In addressing the apparent inconsistency in refusing to rely on the “findings” in the SEC Order as a basis to support the enforcement of the Dishonest Acts Exclusion while referring to the same findings as possible support for the invocation of the public policy doctrine, the appellate court said “we have a stronger interest in enforcing public policy than we do in regulating private dealings between insurance companies and their customers that do not have an impact on public policy.”

 

The court added that it is not the business of courts to prevent companies and their regulators “from agreeing to submit to language in consent order that preserves claims of innocence for the purposes of avoiding exclusions like the one at issue here.” At the same time, the court said, “courts should not countenance the use of such language for the purpose of preserving coverage for wrongful acts intended to harm others.”  The intermediate appellate court added that the N.Y. Court of Appeals had said that “one of the two situations in which the contractual language of a policy may be overwritten is where an insured engages in conduct ‘with the intent to cause injury.’”

 

Discussion

This case’s shuttle between the various levels of the New York state court system is the kind of thing that drives litigation parties and other non-lawyers absolutely nuts.
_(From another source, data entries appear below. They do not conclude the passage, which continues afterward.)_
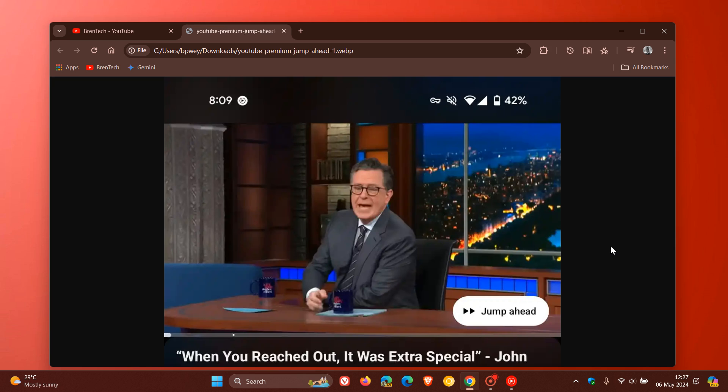Jump Ahead is currently being tested with YouTube Premium subscribers. This image was provided by the folks at 9to5Google. If you're a Premium subscriber in the United States, you can try this out if you're one of the limited subset of users to actually get this Jump Ahead feature.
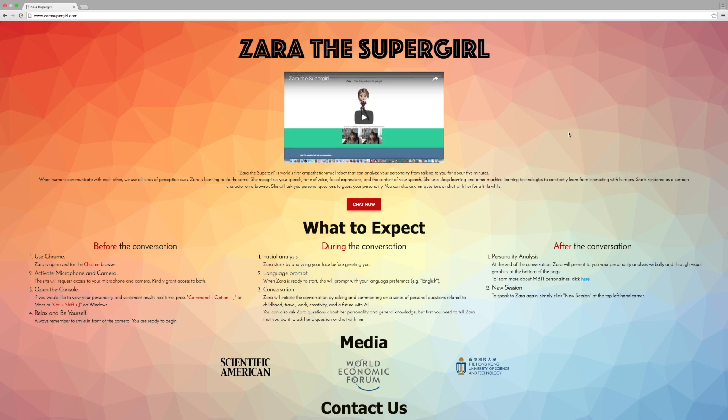Welcome to the website for Zara Supergirl. It's ZaraSupergirl.com. So what can you expect?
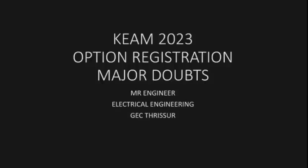So, KEAM 2023 option registration, major doubts, completed doubts. In this video session, you can clear them out.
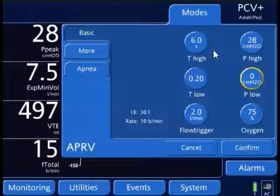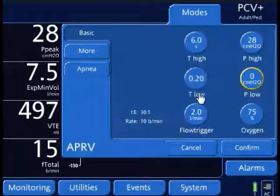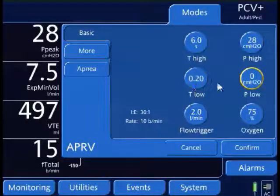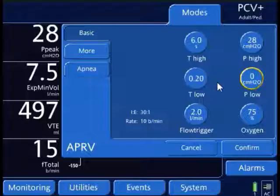T-High — an appropriate T-High setting for an adult patient is 6 seconds. And I'm going to set my T-Low based on my expiratory time constant.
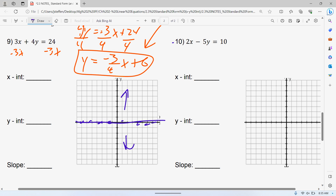Anytime from now until forever, if they ever talk about the y-intercept, you know that your x-value is going to be zero. So when we do quadratics later, or graphing absolute values, if you ever want to know the y-intercept, you plug zero in for X every single time, no matter what your equation is.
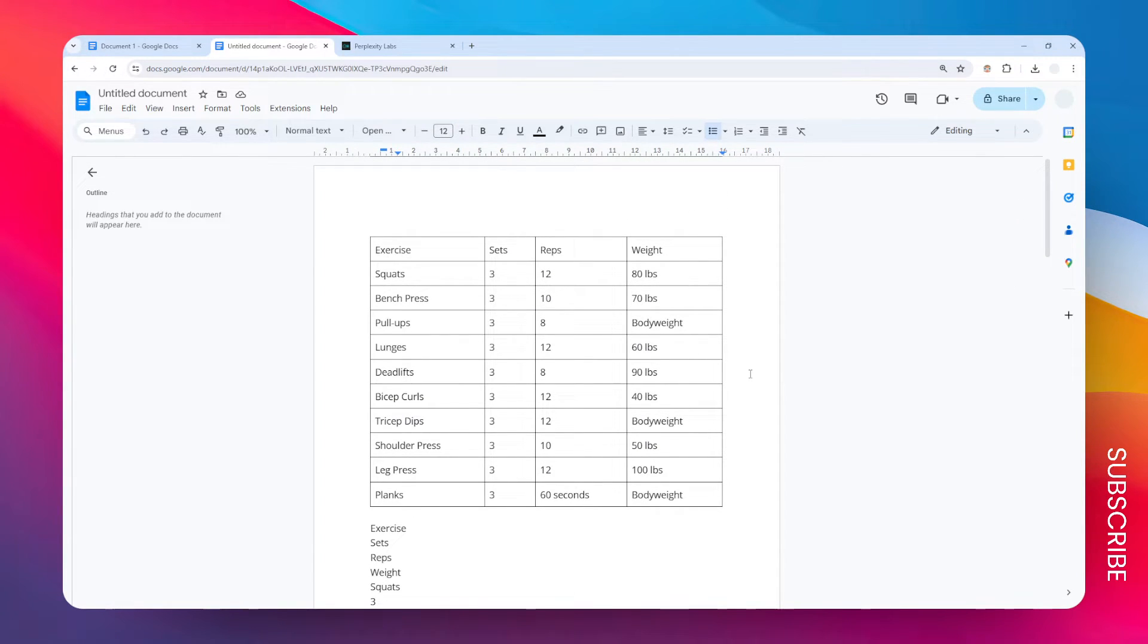So yeah, those are the two ways you can try to get or convert the table into text in Google Docs.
The piecemeal appellate review of the parties’ disparate arguments not only has resulted in a protracted procedural history, but each stage seems to extend the eventual time of the ultimate resolution of this case further and further out into endless future. It would be one thing if this case were now going to go back to the trial court for further proceedings on the question of whether or not the provision of insurance for the SEC settlement would be against public policy. However, if the prior history of this case is any indication, it seems probable that if J.P. Morgan can find a basis to appeal, it will seek to have the N.Y. Court of Appeals address the intermediate appellate court’s ruling allowing the carriers to assert their affirmative defense on public policy issues.

 

If J.P. Morgan were to seek a further review by the Court of Appeals, the company likely will argue among other things that the intermediate court of appeals ruling here on the public policy issues arguably depends on a strained distinction that allowed the intermediate appellate court to reject the applicability of the SEC’s “findings” for purposes of triggering the Dishonest Acts Exclusion, yet rely on the very same “findings” as a sufficient basis from which to allege that Bear Stearns had an intent to cause harm sufficient to trigger the public policy doctrine.   J.P. Morgan has an incentive to pursue the review if it is able, if for no other reason than the last time around it was able to convince the Court of Appeals to reverse the intermediate appellate court.

 

For practitioners in this area, the intermediate appellate court’s consideration of the carriers’ defense based on the Dishonest Acts Exclusion makes for interesting reading. In particular, it is noteworthy not only that the appellate court considered whether or not the entry of the Consent Order represented an “adjudication” within the meaning of the exclusion. It is also noteworthy that the court emphasized the question of whether the entry of the consent order – even if it constituted an “adjudication” – “established” that Bear Stearns had been guilty of the precluded conduct. The word “established” is not often a focus of the discussion of the issues arising under this type of exclusion. This ruling underscores the fact that it is not alone sufficient that there may have been an adjudication, but the adjudication must establish that the exclusion applies.

 

The one thing that is clear at this point is that this long-running proceeding will go on. The SEC first launched its investigation in 2003. Bear Stearns entered the settlement with the SEC in March 2006. The insurance coverage case is already on it second passage through the appellate court system. But this dispute is far from over. The fundamental problem for everyone is that there is just too much money at stake. Anytime you have sums of money running approaching a fifth of a billion dollars in dispute, the possibility of compromise is going to prove elusive, if not impossible.